Dieser befindet sich im Erdgeschoss und geht nahtlos in den offenen Koch-Essbereich über. Lediglich die zum Obergeschoss führende Treppe trennt diese beiden Zonen etwas voneinander. Die Ausrichtung der Räume, die durch die Positionierung der Fenster klar vorgeben ist, macht deutlich, dass sich der Essplatz dem Besucher öffnen soll, denn die große Glasfront mit einer Hebe-Schiebetür stellt den unmittelbaren Kontakt zu den ankommenden Besuchern und den Nachbarn her. Außerdem kann die Familie so vom Esstisch aus den Blick über die weite Landschaft und die untergehende Abendsonne genießen. Das Wohnzimmer dagegen ist nach Süden und somit zu einem geschützten Bereich auf dem eigenen Grundstück orientiert und dient der Familie eher als Rückzugsort. Im Obergeschoss befinden sich die drei Kinderzimmer, das Schlafzimmer der Eltern und das gemeinsame Bad.
Aus diesem Minimalismus und der Reduktion aufs Wesentliche ergibt sich das Baumaterial eigentlich wie von selbst, wäre es doch undenkbar, hier mit einem Wärmedämmverbundsystem oder Ähnlichem zu arbeiten. Monolithisch sollte gebaut werden, weshalb die Wahl ziemlich schnell auf den hierzulande immer noch fast neuen Dämmbeton fiel. In der Schweiz schon wesentlich verbreiteter, fordert er hier in Deutschland Planer und Handwerker nach wie vor heraus – mit regelmäßig tollen Ergebnissen. Der große Vorteil bei diesem Projekt lag darin, dass die Architekten für sich selbst gebaut haben und sich deshalb nicht sklavisch an alle Normen und Vorschriften halten mussten. So ist beispielsweise die Attika niedriger als die Vorschriften es verlangen, die Abdichtung wurde nur zehn statt der geforderten 15 Zentimeter hochgezogen, auf Abdeckbleche komplett verzichtet, stattdessen mit Flüssigfolie abgedichtet. Die Bewehrung wurde auf das Mindestmaß reduziert, weshalb auf den Betonoberflächen kleine Haarrisse entstanden sind. Diese wirken sich nur auf die Optik aus und stören hier keinesfalls. Als Schalung wurde eine herkömmliche und keine Sichtbetonschalung verwendet, wodurch die Kosten gesenkt werden konnten und die Oberflächen der Wände lebendiger geworden sind. Wichtig war den Architekten allerdings, dass die Wände ohne Unterbrechung bis zu den Brüstungen der Fenster im Obergeschoss durchlaufen und nicht auf Höhe der Decke eine Zäsur entsteht. Die Schalung war aus diesem Grund vier Meter hoch.

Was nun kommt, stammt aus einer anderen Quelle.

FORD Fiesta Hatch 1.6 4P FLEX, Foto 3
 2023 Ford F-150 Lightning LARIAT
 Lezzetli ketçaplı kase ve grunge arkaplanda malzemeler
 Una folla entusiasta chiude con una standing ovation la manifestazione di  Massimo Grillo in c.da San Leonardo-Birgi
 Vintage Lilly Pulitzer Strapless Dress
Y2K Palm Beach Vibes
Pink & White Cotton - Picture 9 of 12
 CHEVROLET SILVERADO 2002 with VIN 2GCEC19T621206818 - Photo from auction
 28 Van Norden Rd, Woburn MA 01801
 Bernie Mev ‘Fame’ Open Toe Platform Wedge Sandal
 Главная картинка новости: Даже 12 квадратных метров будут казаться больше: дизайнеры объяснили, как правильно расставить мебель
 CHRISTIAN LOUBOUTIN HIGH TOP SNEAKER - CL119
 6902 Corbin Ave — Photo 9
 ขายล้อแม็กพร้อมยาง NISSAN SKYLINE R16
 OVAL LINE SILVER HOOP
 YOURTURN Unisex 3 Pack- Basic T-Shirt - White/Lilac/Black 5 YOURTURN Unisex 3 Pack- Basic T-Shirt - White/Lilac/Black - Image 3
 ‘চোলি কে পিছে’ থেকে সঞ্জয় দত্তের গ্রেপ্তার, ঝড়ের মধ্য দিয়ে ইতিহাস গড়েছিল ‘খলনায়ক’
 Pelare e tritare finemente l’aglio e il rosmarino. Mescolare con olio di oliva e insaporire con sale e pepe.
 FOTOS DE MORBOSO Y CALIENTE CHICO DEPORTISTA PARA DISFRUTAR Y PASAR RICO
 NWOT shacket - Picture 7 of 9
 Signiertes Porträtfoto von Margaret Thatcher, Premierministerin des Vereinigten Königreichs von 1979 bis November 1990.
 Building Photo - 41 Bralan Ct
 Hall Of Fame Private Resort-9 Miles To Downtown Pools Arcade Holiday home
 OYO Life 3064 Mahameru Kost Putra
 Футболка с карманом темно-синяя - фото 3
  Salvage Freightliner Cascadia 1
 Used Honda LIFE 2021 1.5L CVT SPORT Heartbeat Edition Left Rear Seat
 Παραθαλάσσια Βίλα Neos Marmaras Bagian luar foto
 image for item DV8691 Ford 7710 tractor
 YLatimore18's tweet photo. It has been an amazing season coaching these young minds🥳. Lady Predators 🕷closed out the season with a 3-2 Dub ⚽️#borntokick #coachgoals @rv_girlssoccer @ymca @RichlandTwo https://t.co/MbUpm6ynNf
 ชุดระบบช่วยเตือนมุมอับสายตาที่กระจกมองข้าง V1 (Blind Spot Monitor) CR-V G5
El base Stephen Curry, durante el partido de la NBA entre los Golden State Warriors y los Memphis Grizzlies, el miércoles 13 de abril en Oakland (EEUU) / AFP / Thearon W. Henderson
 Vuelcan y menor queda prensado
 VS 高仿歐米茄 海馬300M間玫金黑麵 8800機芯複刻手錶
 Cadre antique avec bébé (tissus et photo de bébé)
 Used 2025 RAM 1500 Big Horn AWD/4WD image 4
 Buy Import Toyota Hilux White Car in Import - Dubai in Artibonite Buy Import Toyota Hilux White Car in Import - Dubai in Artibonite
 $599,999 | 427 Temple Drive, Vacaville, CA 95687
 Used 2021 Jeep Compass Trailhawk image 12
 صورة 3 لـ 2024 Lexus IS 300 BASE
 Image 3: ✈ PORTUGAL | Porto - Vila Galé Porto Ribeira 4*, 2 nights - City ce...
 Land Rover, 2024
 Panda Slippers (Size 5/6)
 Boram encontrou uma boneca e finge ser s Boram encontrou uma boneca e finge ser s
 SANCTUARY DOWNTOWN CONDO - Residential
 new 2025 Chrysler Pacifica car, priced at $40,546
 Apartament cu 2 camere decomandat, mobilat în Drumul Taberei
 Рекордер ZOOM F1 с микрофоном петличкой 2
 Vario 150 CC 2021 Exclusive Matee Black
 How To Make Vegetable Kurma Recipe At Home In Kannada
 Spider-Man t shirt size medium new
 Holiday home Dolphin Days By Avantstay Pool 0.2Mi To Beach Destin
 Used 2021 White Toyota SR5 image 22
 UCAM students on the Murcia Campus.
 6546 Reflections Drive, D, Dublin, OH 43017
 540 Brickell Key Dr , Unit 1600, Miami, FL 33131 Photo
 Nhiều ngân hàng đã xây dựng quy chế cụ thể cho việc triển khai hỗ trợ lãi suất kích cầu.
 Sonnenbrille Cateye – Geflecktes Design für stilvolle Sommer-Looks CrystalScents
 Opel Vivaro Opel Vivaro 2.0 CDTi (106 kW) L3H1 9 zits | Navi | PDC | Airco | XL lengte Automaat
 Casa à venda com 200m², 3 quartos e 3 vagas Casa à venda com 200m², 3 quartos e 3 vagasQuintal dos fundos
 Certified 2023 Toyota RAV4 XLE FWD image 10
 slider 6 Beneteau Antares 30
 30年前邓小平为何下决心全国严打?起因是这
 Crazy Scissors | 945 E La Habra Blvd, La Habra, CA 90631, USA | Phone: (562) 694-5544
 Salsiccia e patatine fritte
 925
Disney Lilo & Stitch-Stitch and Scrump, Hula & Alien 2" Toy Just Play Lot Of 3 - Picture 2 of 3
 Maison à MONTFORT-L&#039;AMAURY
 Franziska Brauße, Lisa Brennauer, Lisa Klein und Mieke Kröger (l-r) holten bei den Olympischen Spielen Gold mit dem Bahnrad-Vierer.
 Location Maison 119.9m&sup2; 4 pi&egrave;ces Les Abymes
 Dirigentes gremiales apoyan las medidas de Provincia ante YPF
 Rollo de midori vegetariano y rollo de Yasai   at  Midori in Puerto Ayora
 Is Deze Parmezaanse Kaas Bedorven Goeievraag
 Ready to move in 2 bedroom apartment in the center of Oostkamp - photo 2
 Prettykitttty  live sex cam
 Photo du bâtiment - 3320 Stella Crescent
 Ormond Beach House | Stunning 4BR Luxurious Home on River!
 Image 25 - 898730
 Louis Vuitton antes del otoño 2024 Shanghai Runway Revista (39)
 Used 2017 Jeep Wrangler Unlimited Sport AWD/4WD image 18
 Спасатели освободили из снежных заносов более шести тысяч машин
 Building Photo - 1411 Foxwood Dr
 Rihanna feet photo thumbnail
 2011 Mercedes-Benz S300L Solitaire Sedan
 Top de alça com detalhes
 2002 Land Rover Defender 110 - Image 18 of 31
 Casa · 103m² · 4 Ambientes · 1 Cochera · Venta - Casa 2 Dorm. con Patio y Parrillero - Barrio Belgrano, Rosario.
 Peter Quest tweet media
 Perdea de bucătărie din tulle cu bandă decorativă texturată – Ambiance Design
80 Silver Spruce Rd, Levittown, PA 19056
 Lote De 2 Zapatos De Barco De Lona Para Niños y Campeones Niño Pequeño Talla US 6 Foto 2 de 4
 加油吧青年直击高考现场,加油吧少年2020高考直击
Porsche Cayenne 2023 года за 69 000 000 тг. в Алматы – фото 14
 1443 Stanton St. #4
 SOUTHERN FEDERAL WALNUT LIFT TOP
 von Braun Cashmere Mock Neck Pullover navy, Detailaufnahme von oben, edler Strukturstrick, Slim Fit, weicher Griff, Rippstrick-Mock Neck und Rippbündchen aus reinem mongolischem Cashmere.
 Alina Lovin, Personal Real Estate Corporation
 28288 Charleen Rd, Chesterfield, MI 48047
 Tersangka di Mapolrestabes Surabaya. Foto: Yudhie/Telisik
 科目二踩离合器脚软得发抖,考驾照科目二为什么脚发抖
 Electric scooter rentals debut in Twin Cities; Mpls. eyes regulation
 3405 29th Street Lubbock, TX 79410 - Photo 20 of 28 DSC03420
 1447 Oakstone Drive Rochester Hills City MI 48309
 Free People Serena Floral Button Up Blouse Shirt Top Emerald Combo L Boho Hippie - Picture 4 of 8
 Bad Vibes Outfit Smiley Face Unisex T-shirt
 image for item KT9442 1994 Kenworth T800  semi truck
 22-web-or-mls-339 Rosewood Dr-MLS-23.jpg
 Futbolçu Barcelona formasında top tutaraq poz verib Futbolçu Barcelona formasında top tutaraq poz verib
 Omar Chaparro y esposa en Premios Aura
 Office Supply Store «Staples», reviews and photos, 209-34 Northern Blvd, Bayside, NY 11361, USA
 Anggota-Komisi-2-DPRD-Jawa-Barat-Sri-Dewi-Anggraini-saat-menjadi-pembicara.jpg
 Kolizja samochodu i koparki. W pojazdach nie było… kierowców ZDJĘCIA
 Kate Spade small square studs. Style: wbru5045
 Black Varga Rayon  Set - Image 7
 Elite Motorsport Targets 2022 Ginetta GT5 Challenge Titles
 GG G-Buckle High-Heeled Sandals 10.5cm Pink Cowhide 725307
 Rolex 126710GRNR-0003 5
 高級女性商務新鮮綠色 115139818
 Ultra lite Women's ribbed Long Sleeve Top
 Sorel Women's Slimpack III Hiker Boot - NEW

Neben der äußeren Hülle besteht auch der innere Kern, der den Technikraum und die Bäder aufnimmt, aus Sichtbeton, alles andere aus Holz. Dies rührt vom Entwurfskonzept her, die Hülle aus schwerem Beton und das „Innenleben“ aus leichtem Holz bauen zu wollen. So entstand durch viel Engagement und ein klares Konzept, das dann auch so umgesetzt wurde ein Wohnhaus, das perfekt zu den Bedürfnissen der Bauherren passt und Baukultur vom Feinsten ist.